TO THE German military theorist Clausewitz is attributed the expression “the fog of war.” His actual phrasing is that: “War is the realm of uncertainty; three-quarters of the factors on which action in war is based are wrapped in a fog of greater or lesser uncertainty.”

Ukraine’s military decision-making is itself surrounded by a fog of uncertainty so impenetrable that Pentagon officials have a better idea of what the Russians are up to than whatever its proxies in the Ukraine armed forces are planning and executing.

The New York Times headline makes it explicit: “US lacks a clear picture of Ukraine’s war strategy, officials say.” The strap line spells it out: “Intelligence agencies know far more about Russia’s military, even as the US ships billions of dollars in weapons to the Ukrainians.”

This newspaper made it clear at the very beginning that the most sceptical eye should be cast over whatever the protagonists in this conflict say.

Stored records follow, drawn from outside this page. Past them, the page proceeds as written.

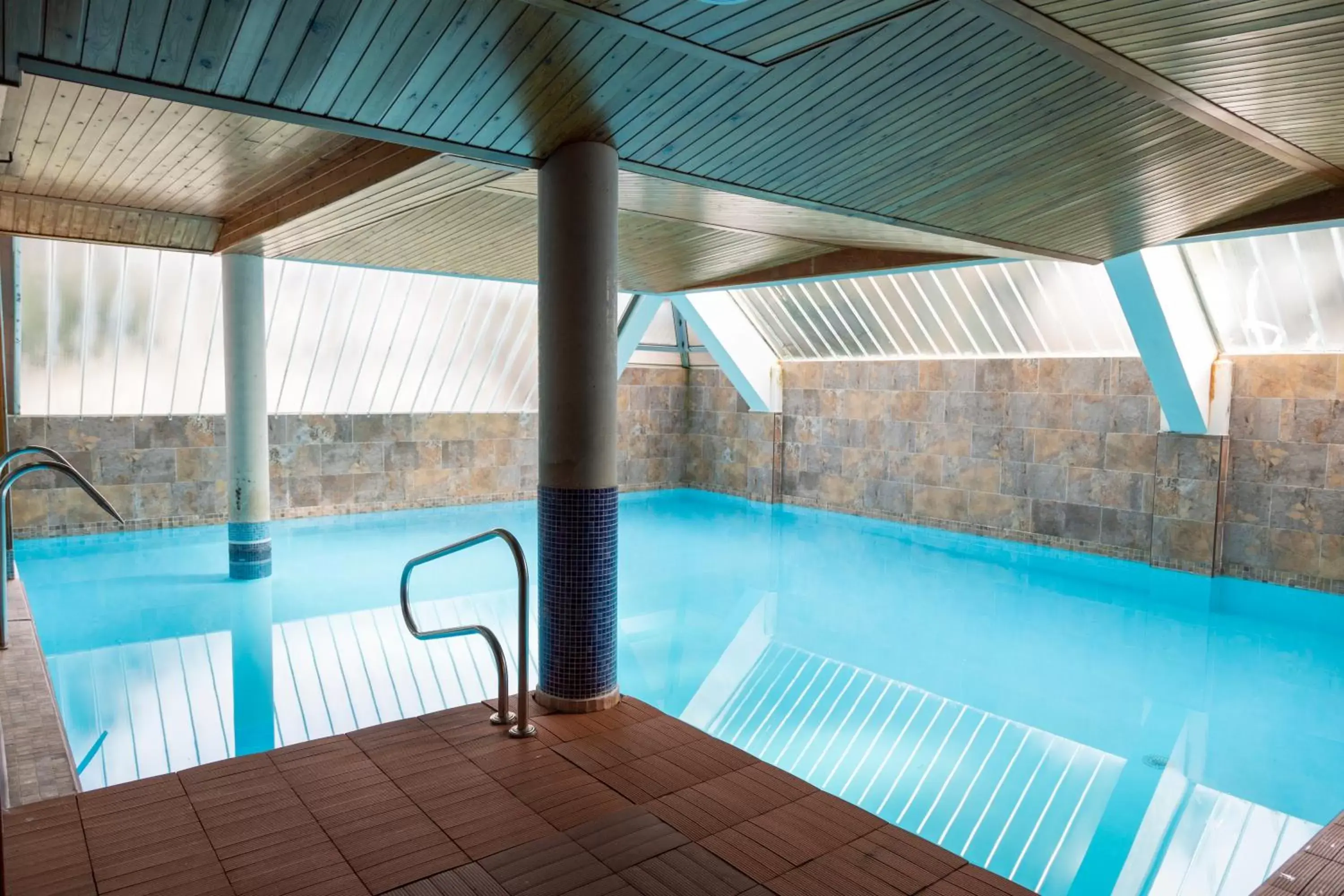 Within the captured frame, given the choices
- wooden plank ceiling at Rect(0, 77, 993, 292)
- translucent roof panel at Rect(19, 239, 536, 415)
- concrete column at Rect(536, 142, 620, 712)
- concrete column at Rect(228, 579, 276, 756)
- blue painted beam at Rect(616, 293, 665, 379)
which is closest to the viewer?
concrete column at Rect(536, 142, 620, 712)

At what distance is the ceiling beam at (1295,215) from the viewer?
25.5 ft

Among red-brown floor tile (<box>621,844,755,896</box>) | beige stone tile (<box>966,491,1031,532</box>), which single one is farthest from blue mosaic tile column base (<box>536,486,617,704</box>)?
beige stone tile (<box>966,491,1031,532</box>)

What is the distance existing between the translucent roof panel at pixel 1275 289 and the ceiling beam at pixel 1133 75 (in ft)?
14.3

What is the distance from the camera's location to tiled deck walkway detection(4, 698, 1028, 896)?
3.76 metres

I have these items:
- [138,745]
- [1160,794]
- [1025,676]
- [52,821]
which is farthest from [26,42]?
[1025,676]

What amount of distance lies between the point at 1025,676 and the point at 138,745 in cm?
746

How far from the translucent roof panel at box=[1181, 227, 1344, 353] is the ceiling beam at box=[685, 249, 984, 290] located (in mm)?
3366

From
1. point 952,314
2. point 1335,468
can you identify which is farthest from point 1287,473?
point 952,314

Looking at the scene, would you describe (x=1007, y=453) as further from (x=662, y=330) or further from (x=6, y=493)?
(x=6, y=493)

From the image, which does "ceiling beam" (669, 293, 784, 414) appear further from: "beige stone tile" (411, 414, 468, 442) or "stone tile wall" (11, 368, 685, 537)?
"beige stone tile" (411, 414, 468, 442)

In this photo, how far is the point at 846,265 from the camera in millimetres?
11422

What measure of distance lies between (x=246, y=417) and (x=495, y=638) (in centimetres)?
764

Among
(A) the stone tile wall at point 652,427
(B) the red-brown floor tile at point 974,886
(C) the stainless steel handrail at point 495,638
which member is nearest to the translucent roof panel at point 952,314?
(A) the stone tile wall at point 652,427

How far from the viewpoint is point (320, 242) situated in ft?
33.8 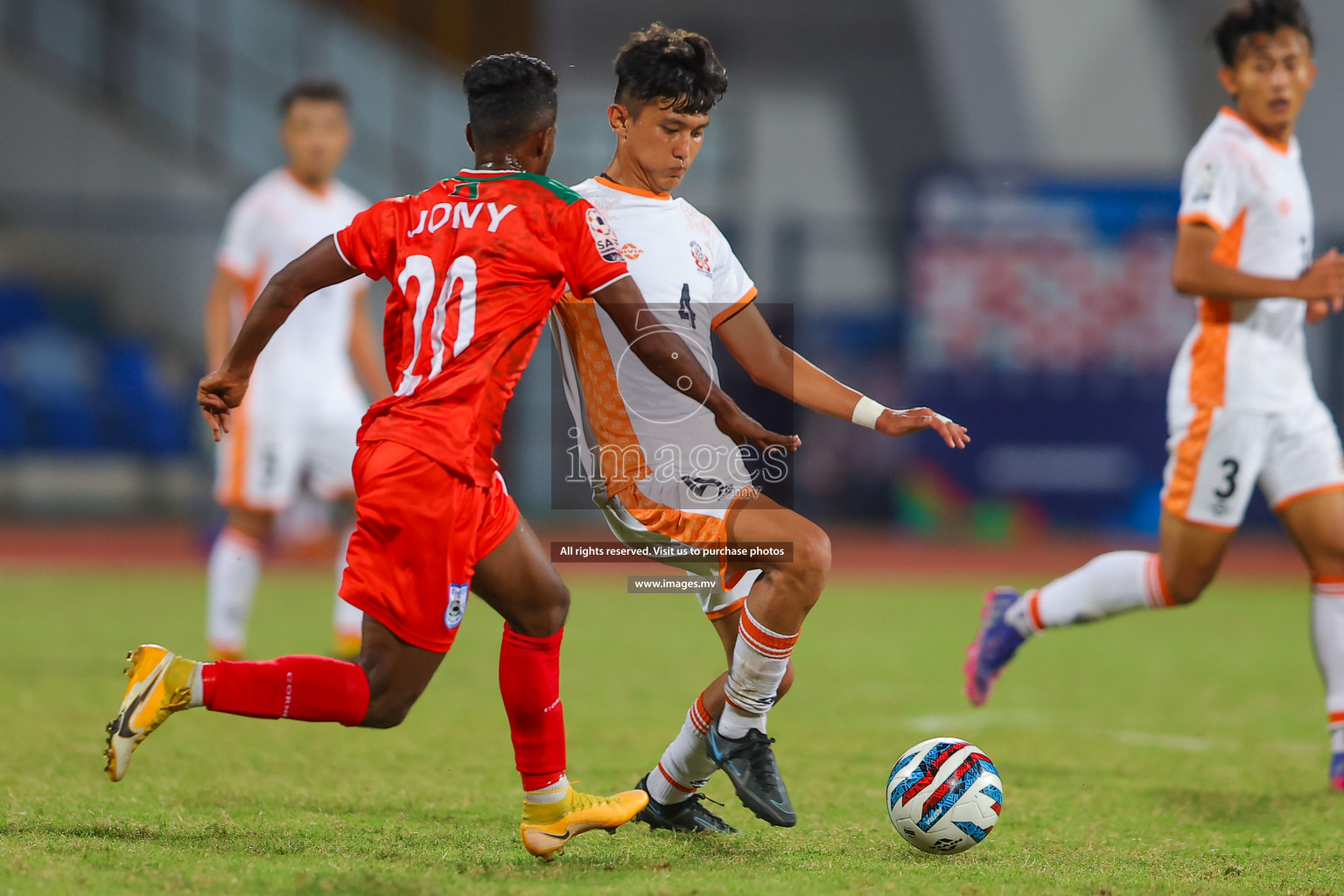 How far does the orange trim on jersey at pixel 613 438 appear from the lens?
3.91m

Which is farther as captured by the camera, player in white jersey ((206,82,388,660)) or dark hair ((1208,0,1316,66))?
player in white jersey ((206,82,388,660))

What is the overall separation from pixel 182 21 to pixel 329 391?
12937 mm

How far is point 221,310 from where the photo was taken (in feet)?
23.3

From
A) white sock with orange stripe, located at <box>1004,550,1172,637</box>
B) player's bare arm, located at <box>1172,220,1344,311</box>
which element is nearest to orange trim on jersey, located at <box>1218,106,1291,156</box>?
player's bare arm, located at <box>1172,220,1344,311</box>

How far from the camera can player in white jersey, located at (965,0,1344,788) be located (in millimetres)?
5133

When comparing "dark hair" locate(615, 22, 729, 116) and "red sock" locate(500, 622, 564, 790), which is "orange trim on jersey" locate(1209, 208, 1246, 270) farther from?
"red sock" locate(500, 622, 564, 790)

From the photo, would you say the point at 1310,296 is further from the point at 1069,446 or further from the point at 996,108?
the point at 996,108

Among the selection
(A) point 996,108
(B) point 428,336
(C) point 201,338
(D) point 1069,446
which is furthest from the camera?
(C) point 201,338

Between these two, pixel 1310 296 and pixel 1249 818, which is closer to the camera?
pixel 1249 818

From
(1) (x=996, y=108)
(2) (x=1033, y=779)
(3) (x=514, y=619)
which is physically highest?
(1) (x=996, y=108)

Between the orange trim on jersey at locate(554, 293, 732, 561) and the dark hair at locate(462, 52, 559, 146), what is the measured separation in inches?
19.6

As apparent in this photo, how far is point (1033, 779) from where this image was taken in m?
5.04

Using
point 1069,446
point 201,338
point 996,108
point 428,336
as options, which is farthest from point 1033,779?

Now we hear that the human rights chief of Ukraine’s Rada has been sacked after she admitted fabricating atrocity stories to put pressure on public opinion in Nato states to boost arms exports.

In forming a balanced judgement on the course of these events — even being able to form a reasonably accurate picture of the circumstances which led to this war — the British public are perhaps the least well served in the whole of the Atlantic Alliance.

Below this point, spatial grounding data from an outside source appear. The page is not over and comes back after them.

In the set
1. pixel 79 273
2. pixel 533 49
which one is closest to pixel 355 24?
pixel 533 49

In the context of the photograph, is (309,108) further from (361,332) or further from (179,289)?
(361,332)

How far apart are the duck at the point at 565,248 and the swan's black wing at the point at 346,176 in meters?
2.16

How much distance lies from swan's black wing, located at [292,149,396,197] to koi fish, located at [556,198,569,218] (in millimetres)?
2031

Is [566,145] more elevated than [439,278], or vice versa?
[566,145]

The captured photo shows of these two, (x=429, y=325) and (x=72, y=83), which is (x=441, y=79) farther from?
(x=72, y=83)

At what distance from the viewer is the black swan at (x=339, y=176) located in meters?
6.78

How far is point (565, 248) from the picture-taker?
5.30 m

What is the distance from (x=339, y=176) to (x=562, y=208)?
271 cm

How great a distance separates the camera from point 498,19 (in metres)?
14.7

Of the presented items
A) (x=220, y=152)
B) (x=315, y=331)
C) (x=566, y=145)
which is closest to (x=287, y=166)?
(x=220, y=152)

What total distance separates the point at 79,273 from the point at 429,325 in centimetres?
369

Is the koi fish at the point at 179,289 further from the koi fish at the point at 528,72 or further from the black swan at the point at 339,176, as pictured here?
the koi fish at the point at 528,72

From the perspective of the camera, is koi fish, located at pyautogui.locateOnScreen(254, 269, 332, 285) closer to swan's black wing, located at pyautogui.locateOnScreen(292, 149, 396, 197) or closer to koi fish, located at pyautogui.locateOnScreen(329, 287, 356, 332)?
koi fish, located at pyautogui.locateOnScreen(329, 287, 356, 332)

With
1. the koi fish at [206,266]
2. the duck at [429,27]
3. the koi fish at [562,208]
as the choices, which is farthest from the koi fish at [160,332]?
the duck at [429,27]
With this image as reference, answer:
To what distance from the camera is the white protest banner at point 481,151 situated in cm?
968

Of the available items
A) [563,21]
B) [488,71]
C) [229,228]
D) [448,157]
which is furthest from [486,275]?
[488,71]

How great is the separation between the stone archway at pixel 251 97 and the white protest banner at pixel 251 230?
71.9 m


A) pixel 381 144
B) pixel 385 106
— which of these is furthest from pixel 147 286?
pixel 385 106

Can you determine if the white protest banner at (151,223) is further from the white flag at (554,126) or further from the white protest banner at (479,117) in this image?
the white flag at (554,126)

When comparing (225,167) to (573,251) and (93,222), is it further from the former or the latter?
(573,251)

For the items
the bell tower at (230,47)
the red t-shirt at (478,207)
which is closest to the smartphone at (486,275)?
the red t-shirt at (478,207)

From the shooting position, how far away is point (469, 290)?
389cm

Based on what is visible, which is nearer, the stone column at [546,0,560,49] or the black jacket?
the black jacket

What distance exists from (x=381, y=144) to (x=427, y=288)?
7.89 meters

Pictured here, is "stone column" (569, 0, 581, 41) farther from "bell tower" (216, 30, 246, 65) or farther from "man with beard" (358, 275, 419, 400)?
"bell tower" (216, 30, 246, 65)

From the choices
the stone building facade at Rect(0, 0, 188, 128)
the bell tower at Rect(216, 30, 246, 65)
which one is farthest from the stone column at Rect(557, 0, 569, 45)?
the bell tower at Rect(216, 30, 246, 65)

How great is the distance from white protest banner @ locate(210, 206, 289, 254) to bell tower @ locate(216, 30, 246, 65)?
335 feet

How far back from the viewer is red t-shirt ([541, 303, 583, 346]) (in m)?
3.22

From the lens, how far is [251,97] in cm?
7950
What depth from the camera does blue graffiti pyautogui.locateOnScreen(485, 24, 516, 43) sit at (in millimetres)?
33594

French and German citizens hear of their leaders attempts to find a negotiated settlement to the complex issues which first resulted in an international treaty reached in Minsk in 2015. Hungarians hear a different account of the issues because their country has its own issues with the Kiev government and is more economically integrated with Russia than is even Germany.

Outside of the Nato states and the white bastions of the former British empire the world stands aside.

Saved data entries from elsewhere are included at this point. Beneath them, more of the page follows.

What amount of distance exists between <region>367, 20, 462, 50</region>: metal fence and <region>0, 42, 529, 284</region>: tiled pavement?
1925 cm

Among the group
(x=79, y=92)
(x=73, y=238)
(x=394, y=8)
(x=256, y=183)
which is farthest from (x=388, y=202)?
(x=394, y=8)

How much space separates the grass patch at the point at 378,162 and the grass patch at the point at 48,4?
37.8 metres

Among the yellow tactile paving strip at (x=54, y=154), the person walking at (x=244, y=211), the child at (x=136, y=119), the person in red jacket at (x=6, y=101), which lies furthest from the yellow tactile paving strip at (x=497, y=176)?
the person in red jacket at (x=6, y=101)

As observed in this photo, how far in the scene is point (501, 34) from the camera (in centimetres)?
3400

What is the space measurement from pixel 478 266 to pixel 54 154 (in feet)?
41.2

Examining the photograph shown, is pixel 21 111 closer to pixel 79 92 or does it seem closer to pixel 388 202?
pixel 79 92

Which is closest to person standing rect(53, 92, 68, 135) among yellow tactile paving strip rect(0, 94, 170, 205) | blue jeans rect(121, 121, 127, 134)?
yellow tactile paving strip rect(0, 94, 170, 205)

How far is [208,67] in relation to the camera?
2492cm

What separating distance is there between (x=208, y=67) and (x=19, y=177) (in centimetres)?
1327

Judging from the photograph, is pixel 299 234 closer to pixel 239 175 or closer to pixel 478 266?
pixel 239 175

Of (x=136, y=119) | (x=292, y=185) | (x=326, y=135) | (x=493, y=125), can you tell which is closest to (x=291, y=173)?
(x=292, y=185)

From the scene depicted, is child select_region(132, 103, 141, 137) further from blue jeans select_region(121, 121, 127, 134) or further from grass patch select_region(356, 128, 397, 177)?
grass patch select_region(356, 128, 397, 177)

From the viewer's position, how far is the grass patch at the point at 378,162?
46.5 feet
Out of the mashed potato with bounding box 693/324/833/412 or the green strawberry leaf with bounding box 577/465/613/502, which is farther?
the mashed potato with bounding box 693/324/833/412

Even Ukrainians, most of whom either speak Russian or understand it, have access to Russian broadcasts and are perhaps better able to know what is actually going on, even as their leaders present the surrender of the Nazi battalion at Mariapol as an “evacuation.”

Will the British media report what the legal authorities in the Donbass do with the ideologically committed members of the Azov battalion who we briefly saw led away to captivity?

It will be humiliating for these people to have their tell-tale tattoos displayed on Russian TV and undoubtedly an affront not only to any remaining dignity but also their rights as prisoners of war.

It will be no less humiliating for the cold war combatants of the British media (and their echo chambers on the pro-Nato ultra-left) who have been downplaying for months the reality that proto-fascist irregulars have been armed and provisioned by Nato states.

Our media and Establishment present an unbroken front of one-sided, partial, misleading and downright specious commentary. Serious analysis is the private preserve of military and intelligence think tanks where professional opinion is that the war is going badly for the Ukrainians and that much of the misleading chatter about the prospects of an ultimate victory for Ukrainian arms is fantasy.

Johnson’s government is even more belligerent than the think tanks with which the US arms industry surrounds Washington’s legislators, while Liz Truss encouraged the deluded to volunteer for Ukraine’s foreign legion of wannabe Rambos some of whom are now sentenced to death.

And Keir Starmer does his bit for the war effort by attacking the Stop the War Coalition and holding his anti-war backbenchers hostage.